The Intel investment eliminates the previous barriers of shareholders’ equity and $10 million in derivative liabilities, thereby expediting a move to the NASDAQ.
- Accelerating Revenue Growth in Q4 2014 and in 2015
Vuzix reported 96% sales growth in Q3. While the percentage in growth is impressive, Q3 sales were still modest at $664,586. At MicrocapResearch.com we expect sales to rapidly accelerate as the partnership with Lenovo for sales of Vuzix M100 Smart Glasses throughout China is realized. Initial sales began in November after accreditation by China’s CQC (Quality Certification Center) was announced. Sales of the Vuzix M100 Smart Glasses also began on Amazon.com in November.
- Increasing Consumer Market Penetration
While Vuzix has early mover advantages at the enterprise level and meaningful partnerships with SAP, Lenovo, and XOEye Technologies, the holy grail of smart glasses is the untapped consumer market. We believe Intel Corporation’s investment in Vuzix, and more specifically the “Collaborative Development Agreement” is likely aimed at this market.

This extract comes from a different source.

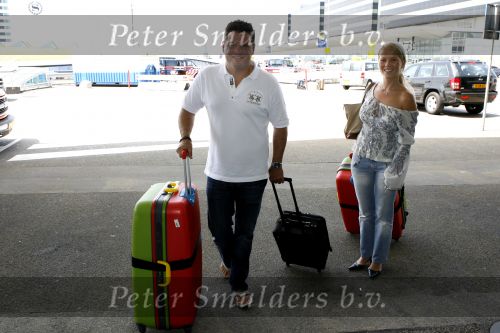 Schiphol 19 juni 2007
Wolter Kroes en zijn vrouw Tessa vertrekken vanaf Schiphol voor hun huwelijksreis naar Aruba.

Following Google’s missteps in launching smart glass that people will actually wear, the consumer market for smart glasses is wide open. Collaboration between Vuzix and Intel may bring about a pole position in “markets which shall include fashion and athletics”, according to the filing.
- Increased Analyst Coverage and Analyst Upgrades
Presently only 2 analysts follow Vuzix Corporation with a mean price target of $5.75 according to Thompson/First Call. Given items 1-5 above, we believe the current price targets will be raised and that additional coverage will soon follow. This is especially true if we assume (and we do) that a NASDAQ listing is accomplished.
The Bottom Line
Due to the catalysts above, we see room for both near and longer term upside in shares of Vuzix Corporation. MicrocapResearch.com partner Harris Shapiro shares his expertise in on how to handle the expected opening gap on Monday…
Very often a Company will come out with big news on a Friday after the market closes. The news about Intel investing in Vuzix Corporation should result in a big gap opening. This brings us to the question of how to enter the stock. With the shares closing at $4.21 and Intel paying the equivalent of $5.00 a share I suggest paying up to $5.50 on the opening. If it gaps higher we have two choices- either wait till it pulls back or buy a 1/3 position at the opening and buy more if it pulls back. I would recommend limiting any purchase to $6.00. If we miss it I wouldn’t run after the shares. The Company has a very small capitalization and may prove to be an outstanding winner, but limit orders are the call for now.